:: TASK OBJECTIVE ::
Output all of the data exactly as it appears, but leave out any pictures it contains.

Short web captions

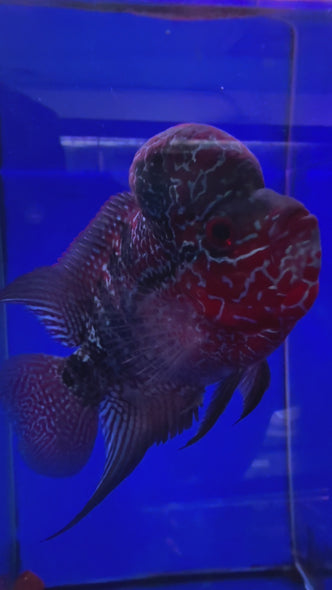 SRD Flowerhorn #114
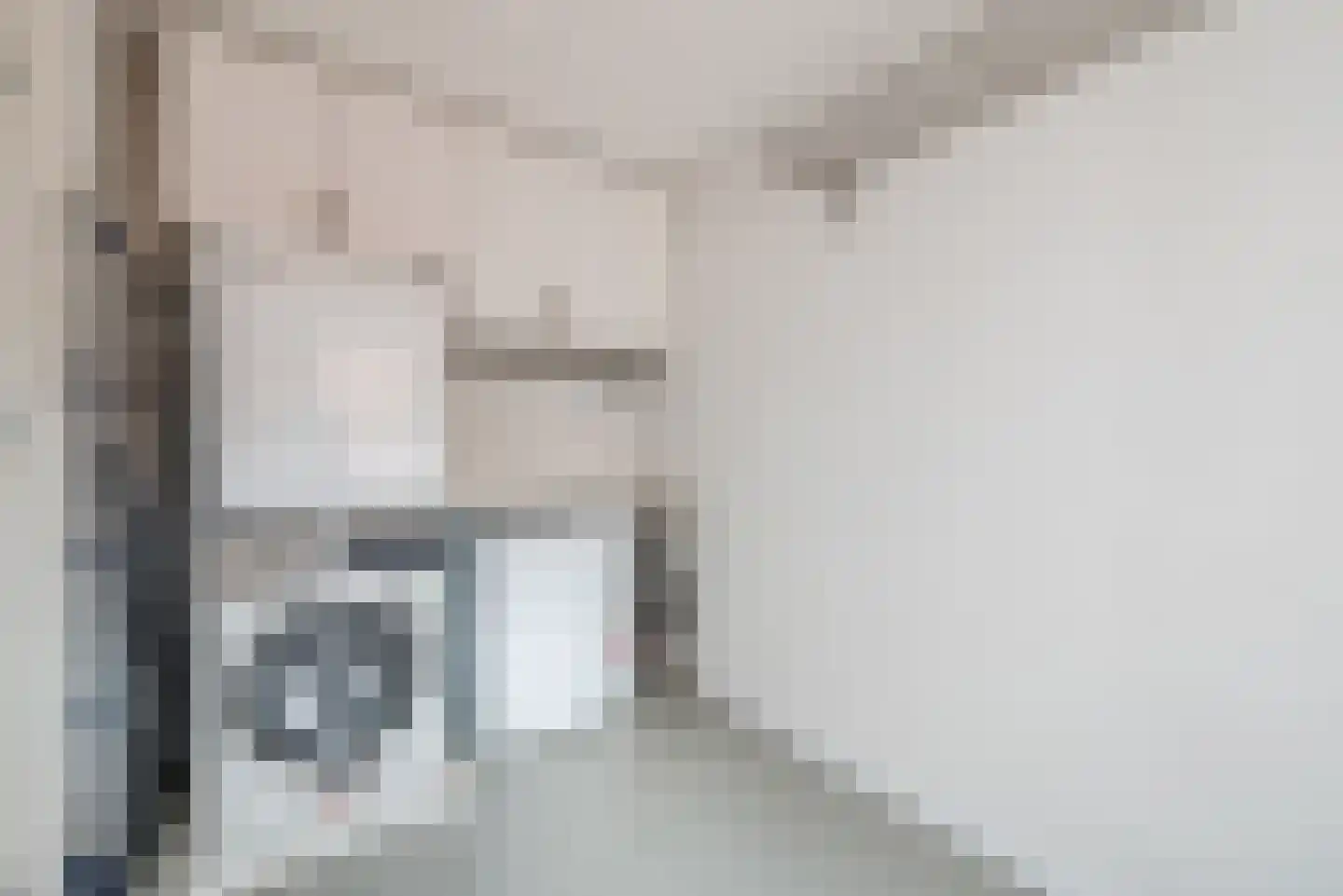 Frederik Hendrikstraat 5 Veldhoven thumbnail 20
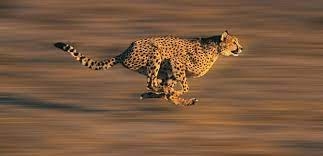 Fakta Menarik Tentang Cheetah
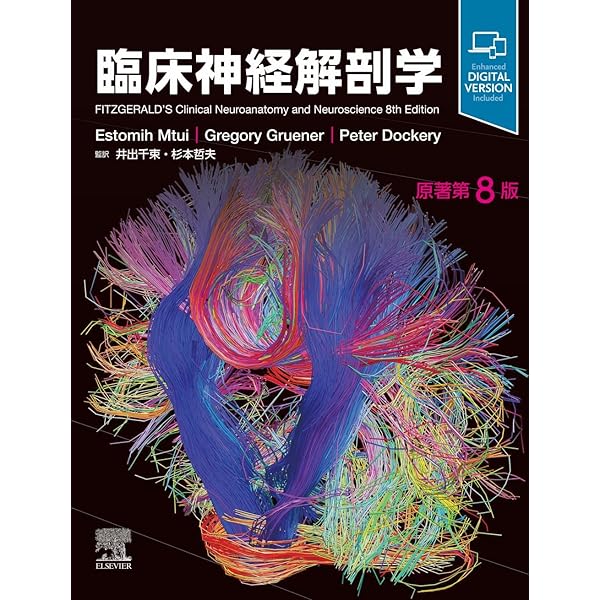 大脳白質解剖入門(An Introduction of Fiber Dissection): Cadaver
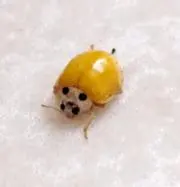 麦の画像
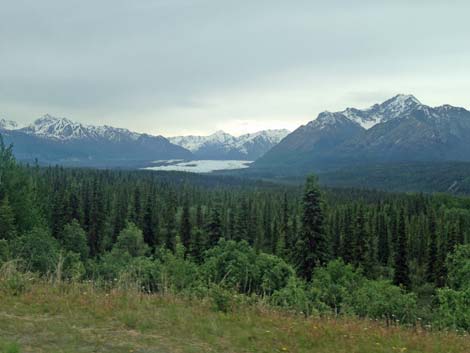 Denali birding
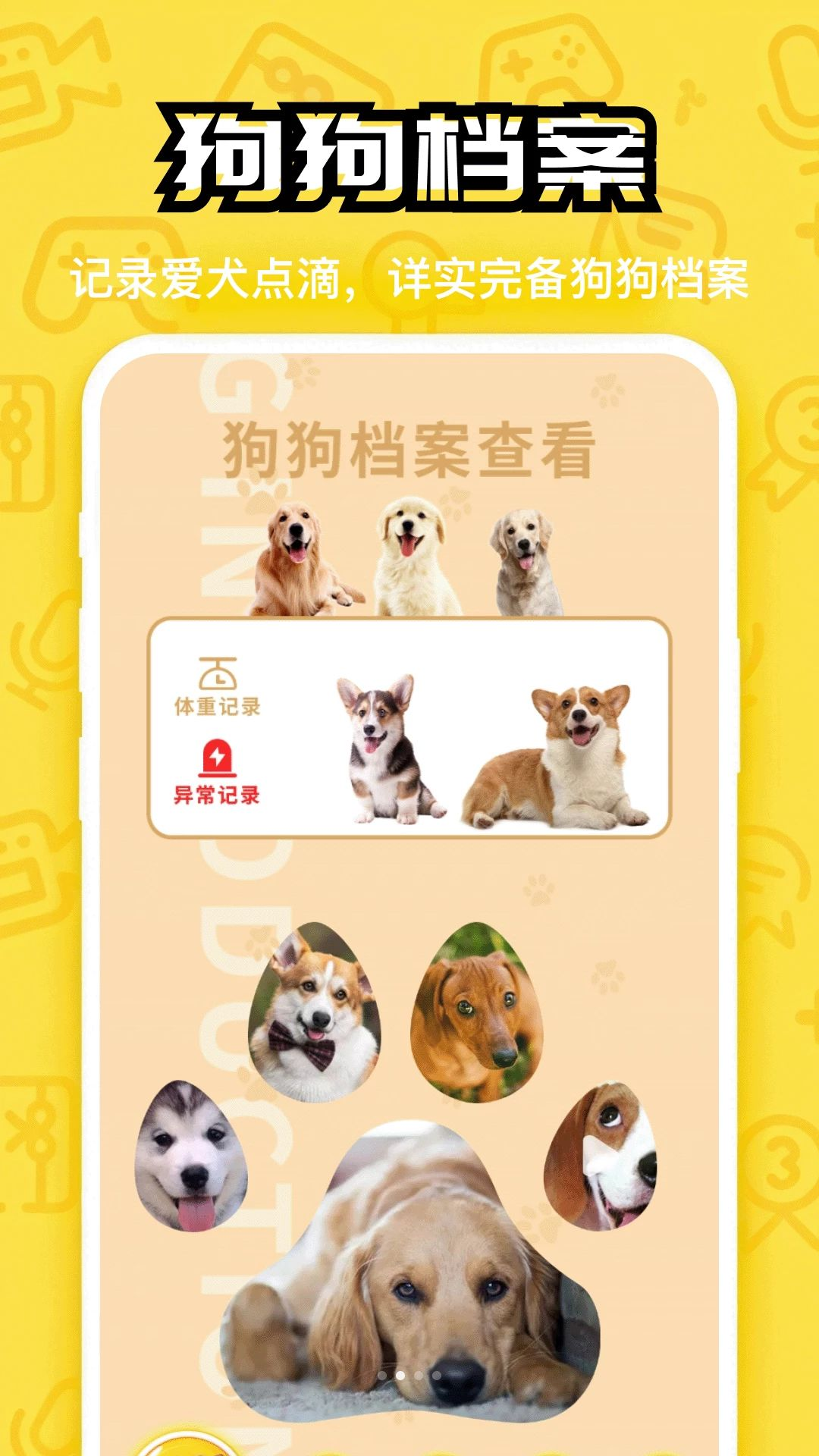 汪星成长记截图1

:: TASK RESULT ::
 SRD Flowerhorn #114
 Frederik Hendrikstraat 5 Veldhoven thumbnail 20
 Fakta Menarik Tentang Cheetah
 大脳白質解剖入門(An Introduction of Fiber Dissection): Cadaver
 麦の画像
 Denali birding
 汪星成长记截图1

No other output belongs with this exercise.